(TASK PROMPT):
Your answer is the line containing "Zamioculcas Queen" plus every line after it through the end of the records, printed exactly and free of pictures.

(TASK DATA):

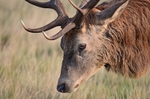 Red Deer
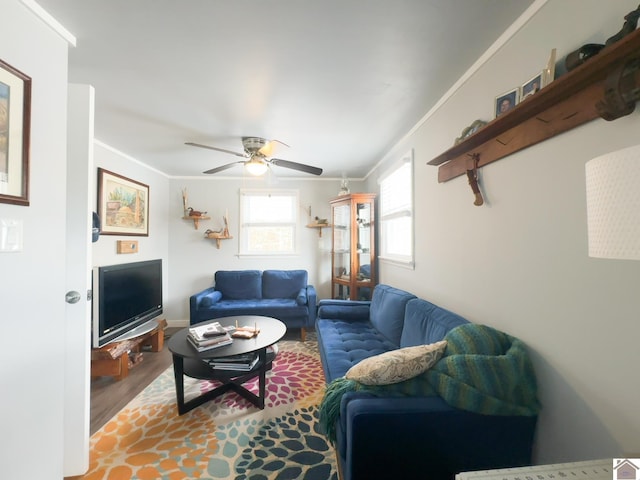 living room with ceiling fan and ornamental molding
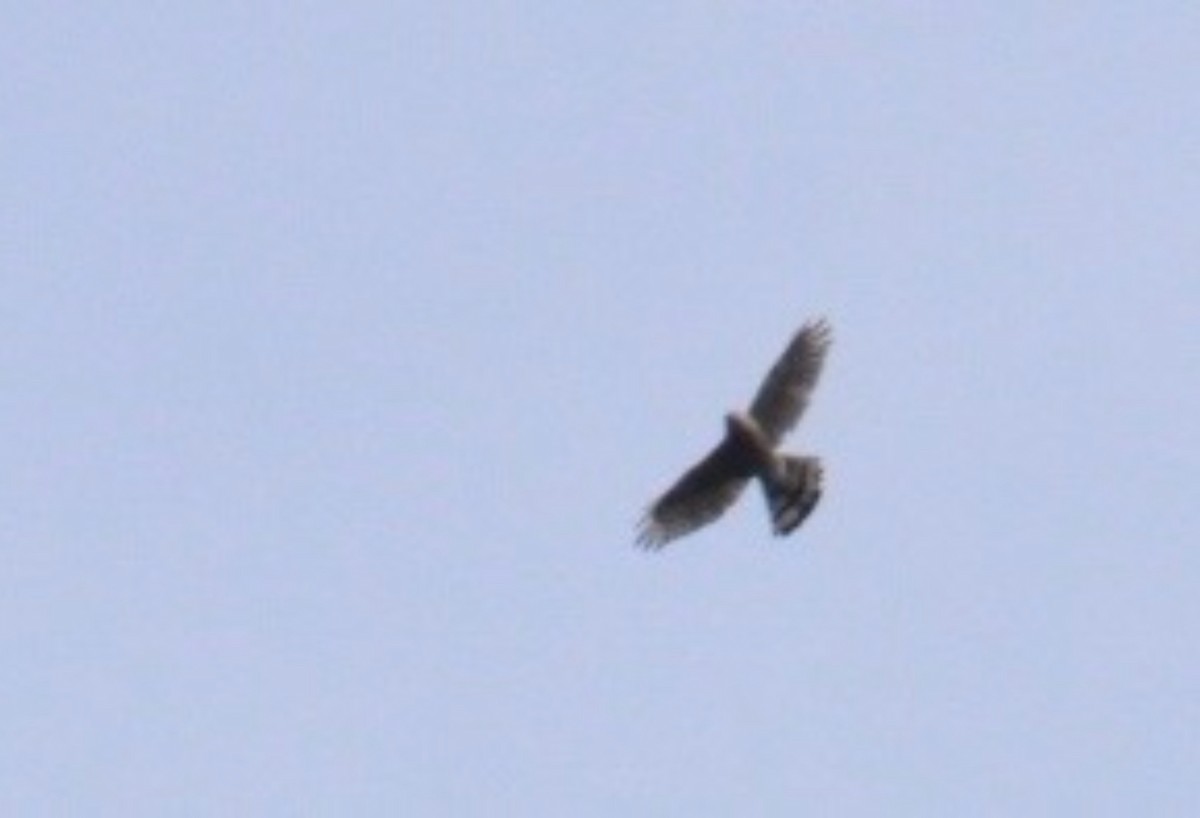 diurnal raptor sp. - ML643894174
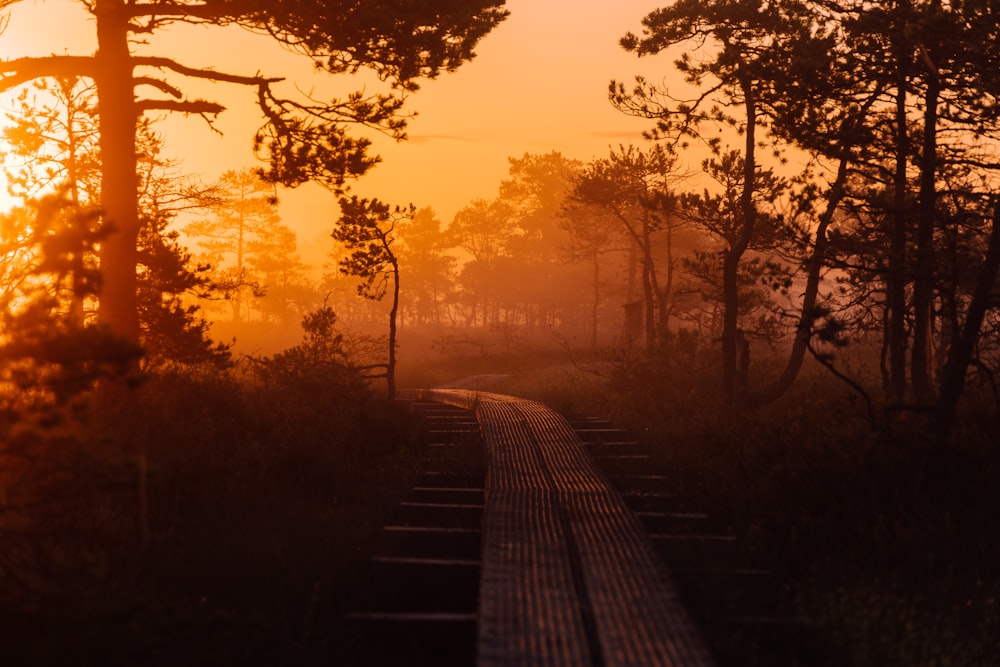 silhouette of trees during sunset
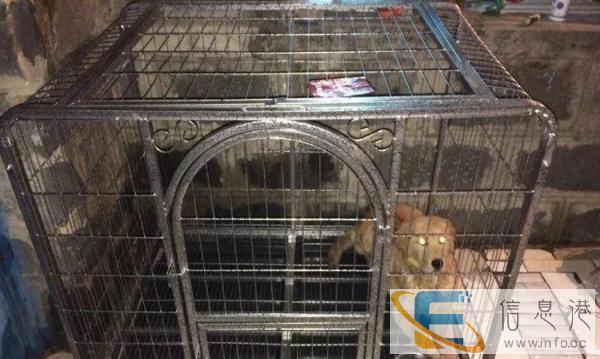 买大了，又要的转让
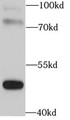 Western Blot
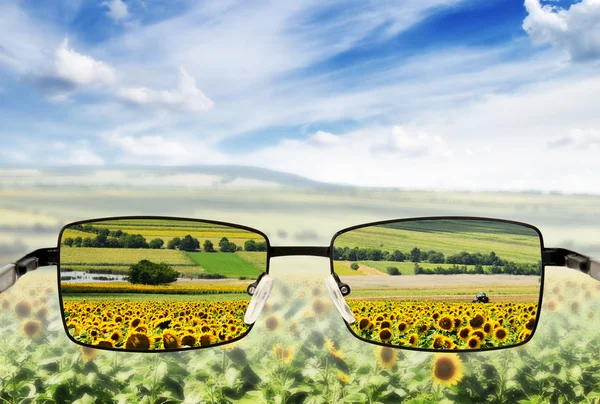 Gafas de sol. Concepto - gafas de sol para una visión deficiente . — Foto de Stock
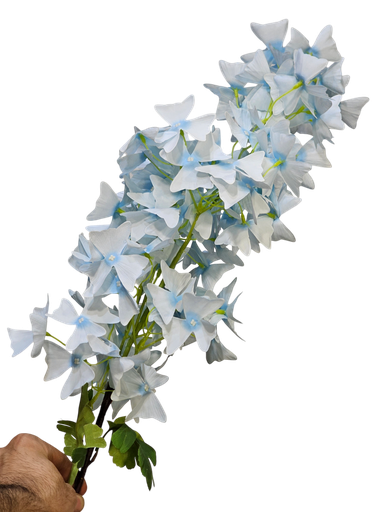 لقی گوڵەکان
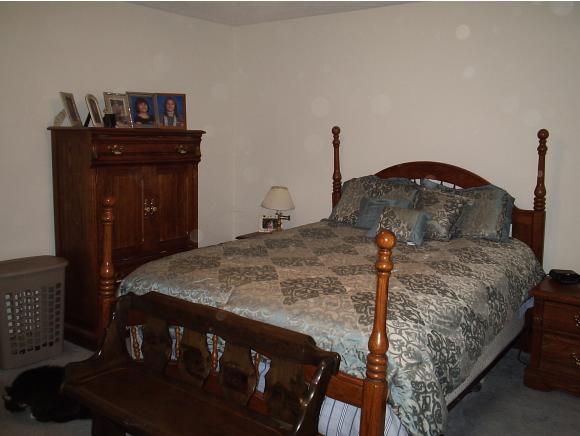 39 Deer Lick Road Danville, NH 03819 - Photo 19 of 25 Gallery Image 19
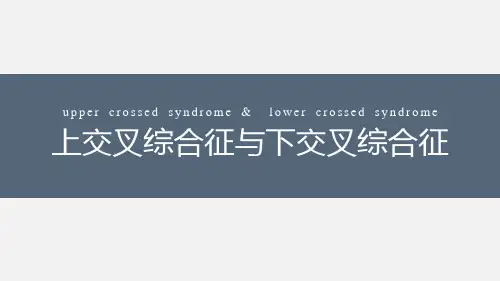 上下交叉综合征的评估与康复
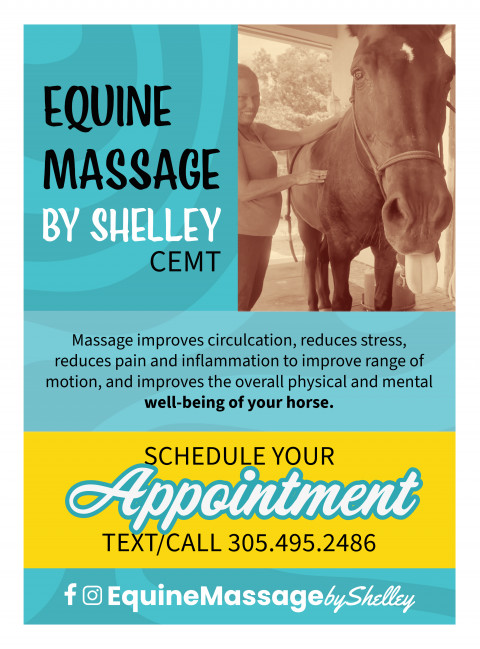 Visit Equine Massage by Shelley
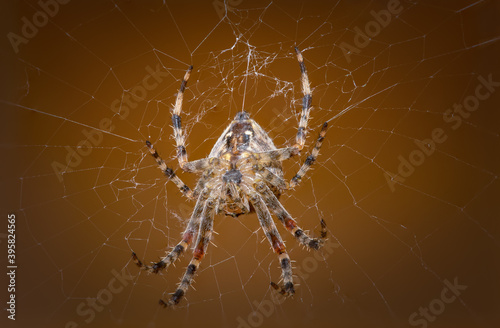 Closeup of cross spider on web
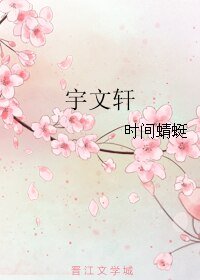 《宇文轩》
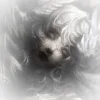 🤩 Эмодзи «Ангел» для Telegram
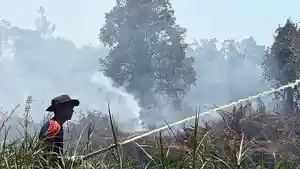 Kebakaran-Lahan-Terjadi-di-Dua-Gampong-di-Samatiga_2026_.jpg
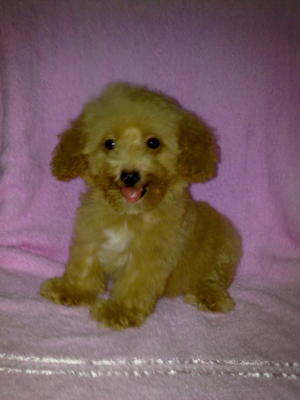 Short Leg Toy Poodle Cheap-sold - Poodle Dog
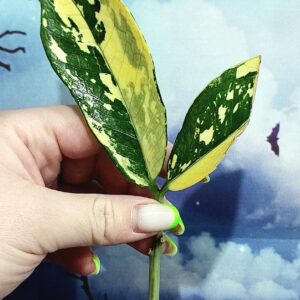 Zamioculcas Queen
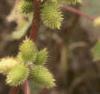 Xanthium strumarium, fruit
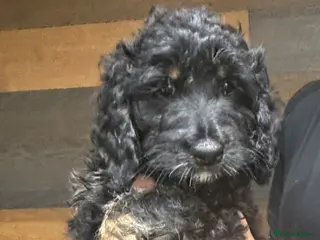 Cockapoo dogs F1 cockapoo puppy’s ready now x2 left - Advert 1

(RESULT BELOW):
 Zamioculcas Queen
 Xanthium strumarium, fruit
 Cockapoo dogs F1 cockapoo puppy’s ready now x2 left - Advert 1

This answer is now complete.